SpikeX schrieb:
Ich liebe ja solche Verallgemeinerungen. Für so manche Pendler in Ballungsgebieten mag das ja auch stimmen, aber das klingt auch so als ob du nur arbeiten würdest und gar keine Freizeit hast, in der man das Auto gebrauchen kann.
Nur mal so ein paar plakative Beispiele:
Mit einem Bus kann man schlecht
einen Wohnwagen oder Pferdeanhänger ziehen,
den Wocheneinkauf erledigen,
in den Urlaub fahren...
Schön, dass du soviele Beispiele aufzählst für wie unverzichtbar wir den PKW inzwischen halten. Brauchen wir ihn wirklich deswegen unbedingt (das sind schließlich nur ein Bruchteil der PKW-Fahrten, die meisten sind Pendelei zur Arbeit) oder glauben wir das nur?
In den Urlaub kommst du auch mit der Bahn, Pferde werden nur Pferdezüchter umherfahren folglich Gewerbe: dürfen also ein Zuggerät benutzen. Wohnwagen? Das Ding ist für den PKW erfunden worden, Zelte und Blockhütten taten es auch einmal. Besuchen, in den Zoo: Bus, Bahn, Rad, Flughafen? Noch so ein Fall von "müssen wir unbedingt haben", obwohl keiner von uns auf das Reisen verzichten müsste, wenn es keine Flughäfen für Privatleute geben würde...
Umzug? Kleinlaster mieten oder Umzugsunternehmen beauftragen, klappte vor 100 Jahren auch.
Heutige Supermärkte an der Pheripherie sehen so aus und sind nur dort, weil wir mit PKW unterwegs sind. Die Lebensmittelversorgung könnte man auch anders organisieren und wie angedeutet: Unsere Infrastruktur würde ohne private PKW ohnehin etwas anders aussehen.
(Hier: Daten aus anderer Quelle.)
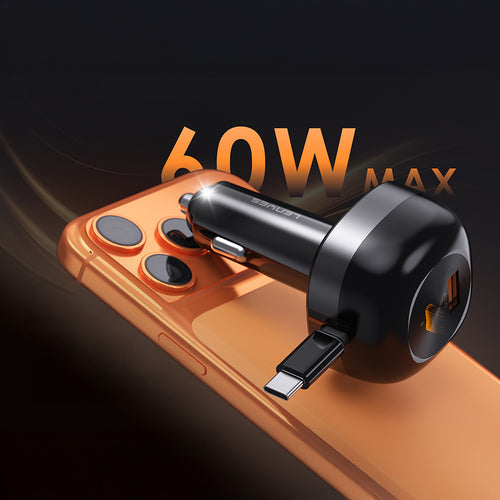 Lenyes CA59 | 60W PD Çek-Bırak Type-C + USB-A Araç Şarj Aleti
Ich erinnere mich noch an meine beiden Großväter, der eine kaufte sich vor 95 Jahren sein erstes Motorrad, einen PKW konnte er mit dem mageren Beamtensold gar nicht finanzieren, die Dinger waren damals in deutschsprachigen Landen eine Sache für die oberen 10%. Den ersten PKW kaufte er Mitte der 50er und es war der einzige im Dorf, 10 Jahre später starb er an einem Herzinfarkt. Mein anderer Großvater machte den Führerschein bei der Wehrmacht, kostete ihn nichts, daheim brauchte er ihn nicht (wuchs auf einem Bauernhof auf, hatte genug Pferde, zog dann in die Stadt), den Luxus eines Autos gönnte er sich dann erst in den 60-70er Jahren, für Pendelei brauchte er es nicht (pures Freizeitfahren), Anfang der 80er musste er es aus gesundheitlichen Gründen komplett einstellen..
SpikeX schrieb:
Fährst du denn mit dem Fahrrad zur Arbeit? Das heißt, dass du bei jedem Wetter los musst.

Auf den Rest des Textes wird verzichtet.